According to one of his fellows who claimed to know him quite personally, the particular "wharf rat" she was looking for was aged about fourteen and commonly called by the assumed nickname "Snicker" and much less commonly by his real name which he hated with wrath, Francis; surname rather famously unknown. An orphan from elsewhere, appearantly.

Another of Snicker's fellows, keeping the company of the first loitering at the highest end of the smitty street very near Richard Kennor's confectionary shop, found the daring to join her on her little whimsquest, respectfully holding his silence but boldly admiring her. Well, her covey of weapons in actual fact. She took no offense as her vanity allowed that he was too young to have much interest in how her shirt and trousers fit, as she took him to be little older than nine. She let him follow her without more than looking at him out of the corner of her eye and he stayed on her left as he did so. She therefore realized he had likely been a slave at one time.

"Do you know Snicker well?" she inquired of him finally, as they turned off of the smitty street and stepped onto the mooring quay. He indicated she might go left along the quay when she halted her progress to decide just that, and replied cautiously, "I do not care to say, in case you have unpleasant business with him he might not be keen on. He loathes snitches as anyone with something to hide."

"You admit you feel you are betraying him by helping me to find him, then?" she pressed. "If that is the matter, either you know him very well and like him but favor me, or you know him well enough as a mere acquaintance to dislike him strongly soas to bring me upon him for whatever purpose I should seek him." He made no reply straightaway and she concluded, "I cannot help but suppose it is the latter which is more likely true. Does he have quite a bad reputation?"

The Renarian boy gave her a stony look and said just loud enough for her to hear over the surrounding noises of busy commotion, "The devil himself consorts with Snicker, who will 'one day rule this port by his cunning and treachery'. So says he. For his age and habits, he is among the most feared of my fellows in this port, being every bit as wickedly cunning as he claims." He turned away and gestured to the fine merchant ship being loaded, sailor men and a few obvious wharf workers bearing burdens up its gangplank. "He actually works the quay regularly as a laborer, seeking to go asea as a cabin boy. You might find him along here now. If not, try the two more popular bawdy houses a little later. He likes wenches a lot despite all his brains."
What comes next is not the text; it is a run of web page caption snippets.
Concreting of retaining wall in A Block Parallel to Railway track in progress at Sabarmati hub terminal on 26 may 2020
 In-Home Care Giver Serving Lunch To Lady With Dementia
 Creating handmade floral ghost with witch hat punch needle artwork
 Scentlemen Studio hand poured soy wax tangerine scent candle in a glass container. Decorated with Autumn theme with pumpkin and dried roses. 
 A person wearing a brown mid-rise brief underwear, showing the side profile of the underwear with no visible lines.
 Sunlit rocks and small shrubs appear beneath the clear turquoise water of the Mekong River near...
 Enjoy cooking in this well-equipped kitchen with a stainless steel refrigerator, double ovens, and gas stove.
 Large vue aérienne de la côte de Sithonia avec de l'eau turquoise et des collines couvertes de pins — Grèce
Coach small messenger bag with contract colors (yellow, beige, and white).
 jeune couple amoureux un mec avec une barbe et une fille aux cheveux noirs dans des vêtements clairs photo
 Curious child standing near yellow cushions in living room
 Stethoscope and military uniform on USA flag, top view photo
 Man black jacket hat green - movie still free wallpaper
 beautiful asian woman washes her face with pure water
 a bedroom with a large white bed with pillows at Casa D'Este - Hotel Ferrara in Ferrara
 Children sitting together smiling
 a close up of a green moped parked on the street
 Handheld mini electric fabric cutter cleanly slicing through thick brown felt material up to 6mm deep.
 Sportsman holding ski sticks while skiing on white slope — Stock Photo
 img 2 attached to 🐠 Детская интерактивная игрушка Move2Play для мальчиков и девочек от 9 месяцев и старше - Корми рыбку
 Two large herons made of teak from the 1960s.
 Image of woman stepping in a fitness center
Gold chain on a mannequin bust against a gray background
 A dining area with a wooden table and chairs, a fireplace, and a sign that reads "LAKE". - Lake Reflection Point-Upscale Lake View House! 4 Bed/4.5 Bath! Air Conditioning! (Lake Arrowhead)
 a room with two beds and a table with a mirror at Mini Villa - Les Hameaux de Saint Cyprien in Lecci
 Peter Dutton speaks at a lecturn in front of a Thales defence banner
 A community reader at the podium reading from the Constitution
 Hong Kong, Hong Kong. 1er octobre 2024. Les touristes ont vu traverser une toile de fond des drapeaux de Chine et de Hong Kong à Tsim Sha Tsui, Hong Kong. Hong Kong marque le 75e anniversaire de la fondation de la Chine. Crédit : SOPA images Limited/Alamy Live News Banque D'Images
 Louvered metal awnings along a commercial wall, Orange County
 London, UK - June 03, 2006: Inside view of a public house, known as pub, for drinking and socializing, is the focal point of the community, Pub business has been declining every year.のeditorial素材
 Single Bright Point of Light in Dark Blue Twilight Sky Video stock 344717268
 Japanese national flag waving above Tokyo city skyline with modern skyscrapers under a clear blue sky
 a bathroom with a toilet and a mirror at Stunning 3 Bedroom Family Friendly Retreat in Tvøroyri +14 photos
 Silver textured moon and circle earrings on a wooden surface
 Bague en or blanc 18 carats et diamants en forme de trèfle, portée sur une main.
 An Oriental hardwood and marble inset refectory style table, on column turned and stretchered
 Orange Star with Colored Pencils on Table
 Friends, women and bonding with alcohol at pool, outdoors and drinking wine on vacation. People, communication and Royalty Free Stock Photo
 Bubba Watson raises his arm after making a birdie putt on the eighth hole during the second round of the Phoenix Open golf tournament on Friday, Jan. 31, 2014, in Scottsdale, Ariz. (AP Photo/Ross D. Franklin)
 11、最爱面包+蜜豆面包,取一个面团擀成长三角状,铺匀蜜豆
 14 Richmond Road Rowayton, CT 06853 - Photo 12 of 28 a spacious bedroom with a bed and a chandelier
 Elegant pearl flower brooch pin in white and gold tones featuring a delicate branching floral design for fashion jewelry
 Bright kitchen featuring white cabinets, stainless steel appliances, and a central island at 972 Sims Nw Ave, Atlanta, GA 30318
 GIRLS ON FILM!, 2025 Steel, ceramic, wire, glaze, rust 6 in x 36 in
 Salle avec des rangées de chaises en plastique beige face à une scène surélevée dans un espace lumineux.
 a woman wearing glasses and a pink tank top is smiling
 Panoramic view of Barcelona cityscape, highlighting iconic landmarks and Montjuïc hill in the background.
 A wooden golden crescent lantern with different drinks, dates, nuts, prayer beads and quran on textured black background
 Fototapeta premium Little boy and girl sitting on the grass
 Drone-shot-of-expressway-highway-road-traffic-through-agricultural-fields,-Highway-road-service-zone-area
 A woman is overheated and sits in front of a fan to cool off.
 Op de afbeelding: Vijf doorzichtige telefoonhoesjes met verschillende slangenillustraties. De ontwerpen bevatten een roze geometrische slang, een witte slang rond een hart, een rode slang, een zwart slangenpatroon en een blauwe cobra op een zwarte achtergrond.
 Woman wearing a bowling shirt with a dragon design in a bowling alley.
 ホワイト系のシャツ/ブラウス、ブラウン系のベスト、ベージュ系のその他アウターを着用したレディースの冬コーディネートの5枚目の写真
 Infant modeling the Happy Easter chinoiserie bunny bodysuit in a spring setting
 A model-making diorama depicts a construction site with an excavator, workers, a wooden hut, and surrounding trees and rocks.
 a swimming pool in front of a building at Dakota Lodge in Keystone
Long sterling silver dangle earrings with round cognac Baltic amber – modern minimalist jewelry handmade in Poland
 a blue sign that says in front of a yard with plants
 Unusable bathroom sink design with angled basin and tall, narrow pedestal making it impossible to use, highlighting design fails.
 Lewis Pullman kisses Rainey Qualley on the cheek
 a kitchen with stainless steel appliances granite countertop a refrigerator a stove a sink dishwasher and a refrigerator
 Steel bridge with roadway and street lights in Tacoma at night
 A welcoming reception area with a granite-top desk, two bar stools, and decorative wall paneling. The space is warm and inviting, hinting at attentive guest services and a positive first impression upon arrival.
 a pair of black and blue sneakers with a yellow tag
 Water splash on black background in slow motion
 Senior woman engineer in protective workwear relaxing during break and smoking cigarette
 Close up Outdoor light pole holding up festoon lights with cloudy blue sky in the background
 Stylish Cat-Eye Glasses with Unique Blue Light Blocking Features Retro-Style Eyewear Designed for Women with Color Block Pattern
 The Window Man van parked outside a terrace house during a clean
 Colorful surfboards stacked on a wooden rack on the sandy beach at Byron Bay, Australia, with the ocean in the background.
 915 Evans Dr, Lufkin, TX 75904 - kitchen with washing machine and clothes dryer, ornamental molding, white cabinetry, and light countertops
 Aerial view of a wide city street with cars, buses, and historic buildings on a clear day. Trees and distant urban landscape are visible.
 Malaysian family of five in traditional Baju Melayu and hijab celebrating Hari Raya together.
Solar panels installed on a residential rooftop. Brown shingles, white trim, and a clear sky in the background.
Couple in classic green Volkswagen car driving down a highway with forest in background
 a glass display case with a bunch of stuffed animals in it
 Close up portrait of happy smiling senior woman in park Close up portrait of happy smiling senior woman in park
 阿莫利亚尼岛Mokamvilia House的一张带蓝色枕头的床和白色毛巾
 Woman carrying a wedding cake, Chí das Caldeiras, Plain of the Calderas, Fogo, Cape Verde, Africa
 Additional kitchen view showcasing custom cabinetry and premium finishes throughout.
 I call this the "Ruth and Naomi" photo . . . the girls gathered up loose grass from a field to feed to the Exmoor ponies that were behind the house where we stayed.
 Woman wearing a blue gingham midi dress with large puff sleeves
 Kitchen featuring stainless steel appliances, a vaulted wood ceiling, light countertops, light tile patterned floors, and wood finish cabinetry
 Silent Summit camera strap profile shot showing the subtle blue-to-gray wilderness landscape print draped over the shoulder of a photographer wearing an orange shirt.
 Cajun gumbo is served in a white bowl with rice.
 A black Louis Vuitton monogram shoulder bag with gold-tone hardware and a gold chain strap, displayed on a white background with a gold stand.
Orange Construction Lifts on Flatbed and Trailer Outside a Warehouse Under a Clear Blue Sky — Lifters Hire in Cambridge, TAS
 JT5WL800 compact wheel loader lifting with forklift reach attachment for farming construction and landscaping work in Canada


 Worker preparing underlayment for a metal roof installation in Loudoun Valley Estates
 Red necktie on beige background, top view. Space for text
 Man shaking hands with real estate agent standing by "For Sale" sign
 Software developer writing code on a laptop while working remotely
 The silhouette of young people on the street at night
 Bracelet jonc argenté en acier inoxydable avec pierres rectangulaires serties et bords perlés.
As she was certain he did not count her as a "wench", she took no offense at that last. And after hearing all the rest, she was put off from pursuing her cruel amusement any farther. Finding her "snitch" was not worth the bother any longer, as simply walking from Kennor's to her present position had calmed her negative intentions. "Well, thank you for the escourt and advice, young sir," she said sincerely, quickly noting the dress of the older men and younger Renarian boys moving about the quay. Many of them were casting glances at her, some curiously interested and others just "plainly interested". None of the young Renarians were dressed as Kennor had helpfully described to her.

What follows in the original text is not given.